Mi ayuda hacía que la viuda cantara de alegría.
- 14
- Mi ropa era la honestidad y me vestía con ella.
La justicia era mi turbante.
- 15
- Yo era ojos para el ciego
y pies para el inválido.
- 16
- Yo era como un padre para los necesitados.

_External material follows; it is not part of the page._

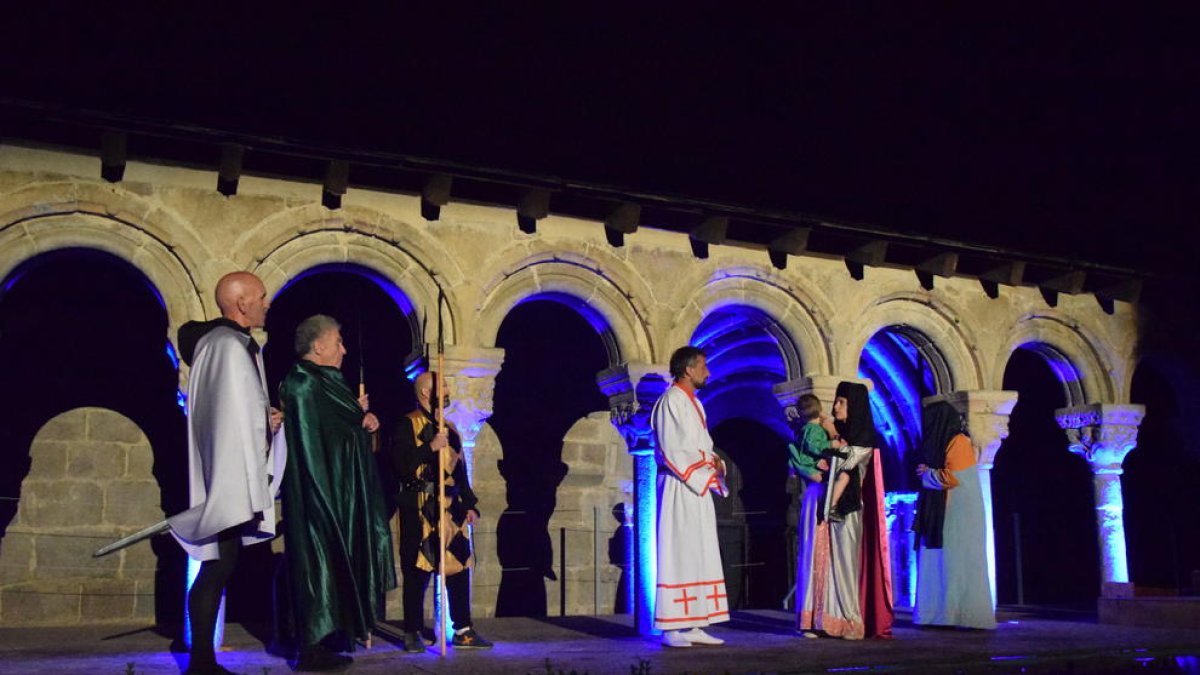 Un moment de la representació d’un dels passatges de la vida de Sant Ermengol.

Ayudaba a gente que ni siquiera conocía; estudiaba bien su caso y los defendía en el tribunal.
- 17
- Le rompía los dientes al perverso
y le quitaba su presa de entre los dientes.
- 18
- »Pensaba: “Voy a morir rodeado de mi familia,
y mis días serán tan numerosos como los granos de arena.
- 19
- Soy como un árbol sembrado junto al agua,
el rocío humedece mis ramas.
- 20
- Mis fuerzas se renuevan constantemente
y siento el arco como nuevo en mis manos”.
- 21
- »Antes, la gente me escuchaba atentamente.
Guardaban silencio mientras esperaban mi consejo.
- 22
- Cuando yo terminaba de hablar, la gente que me escuchaba no tenía nada que decir.
Mis palabras llenaban sus oídos.
- 23
- La gente esperaba que yo hablara, tal como se espera que llegue la lluvia.
Abrían su boca como lluvia de primavera.
- 24
- Si yo les sonreía, no podían creerlo;
cuando veían mi rostro, se alegraban.
- 25
- Yo les indicaba el camino
y me colocaba a la cabeza. Establecía mi carpa como un rey entre sus tropas; como el que consuela a los que sufren.